Yes there will be a hollow centre. The solid of revolution generated looks like a ring. You can use the washer method of calculating volume. First find the volume generated rotating f(y) (express y=f(x) in terms of x first) around x=2 for the region defined within the range of y=0 and y=1. When that is done, subtract the unwanted volume which corresponds to the hollow centre beteen the lines x=2 and x=1. You don't have to use calculus to do this one, just use the formula for volume of cylinder.

3. Jul 7, 2008

### c-murda

thanks!
using washer and shell

V=∫2pi(2-x)x³dx

i got 3pi / 5

4. Jul 8, 2008

### dynamicsolo

So you chose the shell method. I agree with your result.
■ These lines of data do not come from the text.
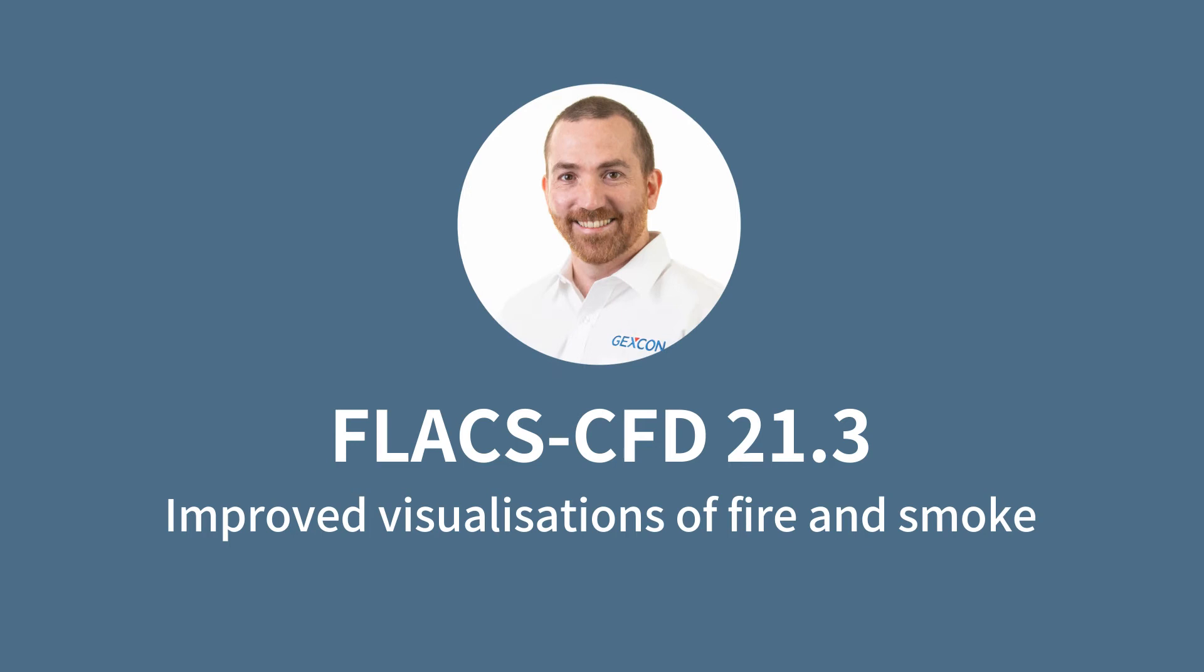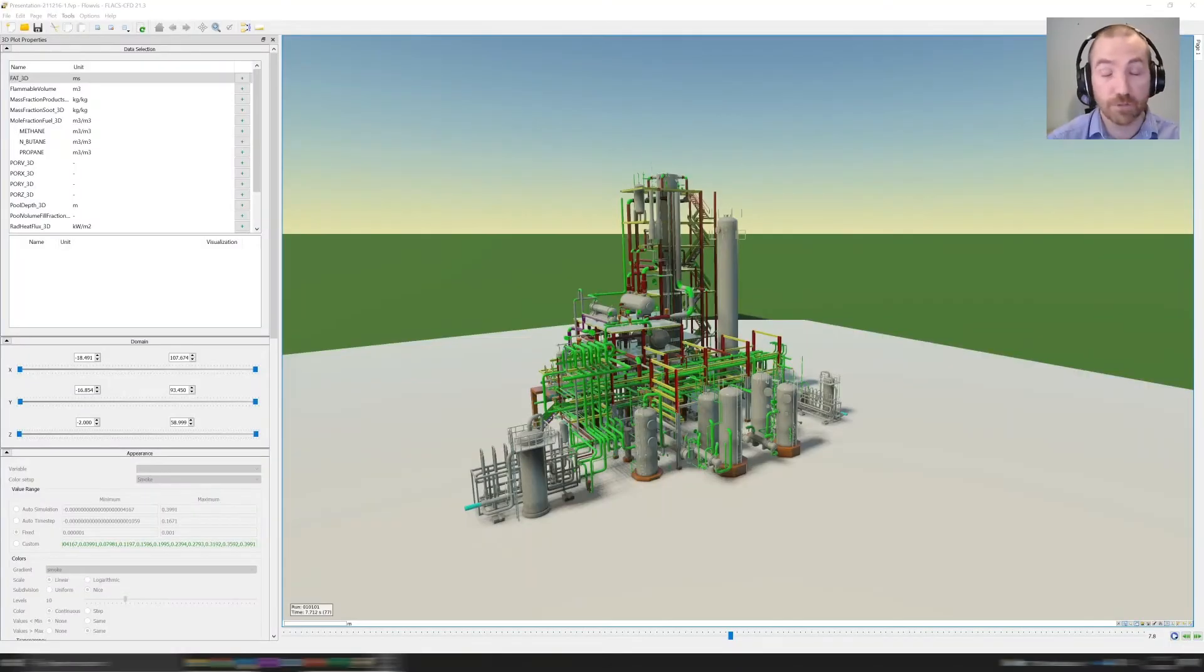Hi, my name is Chris Coffey. I'm the product manager for Gexcon's fire dispersion and explosion modeling software FLACS-CFD, and today I want to tell you about one of the new features in the 21.3 release of FLACS-CFD.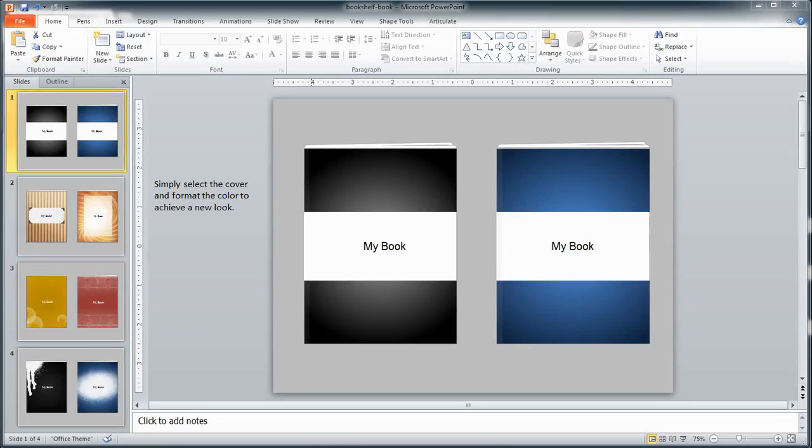Hey there folks, Mike from Articulate here. In this video I'm going to share with you how you can quickly alter the books in this free PowerPoint template so that you can utilize them in that awesome e-learning project that you're working on.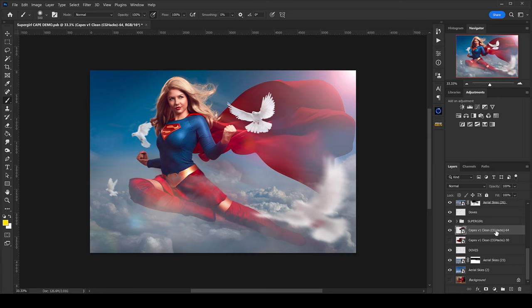I'm not a huge fan of this little part sticking out, so I'll hide it. Select the cape layer, click on the mask, and with a black brush just paint that part out. Now I could leave it with just this one cape, but I actually want it to flow over onto the other side as well, so I'm going to turn the second cape layer back on and go through the same process.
To use the disk/washer method, the infinitesimal slices are taken perpendicular to the rotation axis, so we would have to integrate in the y-direction. The limits of integration would now be y = 0 to y = 1. The "washers" would be disks with an outer radius following the y = x^3 curve and an inner radius for the hole following the x = 1 curve. So the washers have holes of constant radius 2 - 1 unit. The outer radius curve will have to be inverted into x = y^(1/3); since it is to the left of x = 2, the outer radius will be 2 - y^(1/3).
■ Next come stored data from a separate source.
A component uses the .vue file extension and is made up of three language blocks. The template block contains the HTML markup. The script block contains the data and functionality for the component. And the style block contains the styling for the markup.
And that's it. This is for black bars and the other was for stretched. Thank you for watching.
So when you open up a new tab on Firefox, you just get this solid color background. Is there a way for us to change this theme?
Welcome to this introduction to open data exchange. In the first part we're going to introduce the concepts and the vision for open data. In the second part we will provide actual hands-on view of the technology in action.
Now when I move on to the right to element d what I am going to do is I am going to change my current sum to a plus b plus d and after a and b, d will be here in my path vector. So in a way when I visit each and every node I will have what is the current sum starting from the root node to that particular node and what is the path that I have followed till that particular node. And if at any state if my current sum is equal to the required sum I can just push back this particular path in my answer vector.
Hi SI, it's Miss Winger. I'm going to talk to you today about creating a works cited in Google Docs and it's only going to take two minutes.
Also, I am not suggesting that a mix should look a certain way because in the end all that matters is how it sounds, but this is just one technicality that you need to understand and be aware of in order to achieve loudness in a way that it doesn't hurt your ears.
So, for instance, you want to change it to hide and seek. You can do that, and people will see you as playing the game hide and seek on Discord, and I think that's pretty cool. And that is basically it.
This makes the infinitesimal volume of a washer

$$dV = [\pi(r_{outer})^2 - \pi(r_{inner})^2] dy = [\pi(2 -y^{1/3})^2 - \pi(1)^2] dy$$

The volume integral is then

$$V = \pi \int_{0}^{1} 4 - 4y^{1/3}+ y^{2/3} - 1 dy$$ ,

which also gets you $$V = \frac{3\pi}{5}$$. But shells is definitely the easier method for this one...

5. Jul 8, 2008

### HallsofIvy

Staff Emeritus
Another way to think about it (but exactly the same as the washer method) is this:

1. Suppose you rotate the area above the line y= 0, from x= 0 to x= 1, about the line y= 2. What volume would it have? (That's simply a cylinder- area= $\pi r^2 h$.)

2. Suppose you rotate the area above the curve y= x3, from x= 0 to x= 1, about the line y= 2. What volume would that have?

Now subtract the two.

6. Jul 10, 2008

### c-murda

so do disk and washer rotate perpendicular to rotation of axis and shell rotates paralell

7. Jul 10, 2008

### dynamicsolo

That's correct, and that is why the variable of integration depends on which method is used.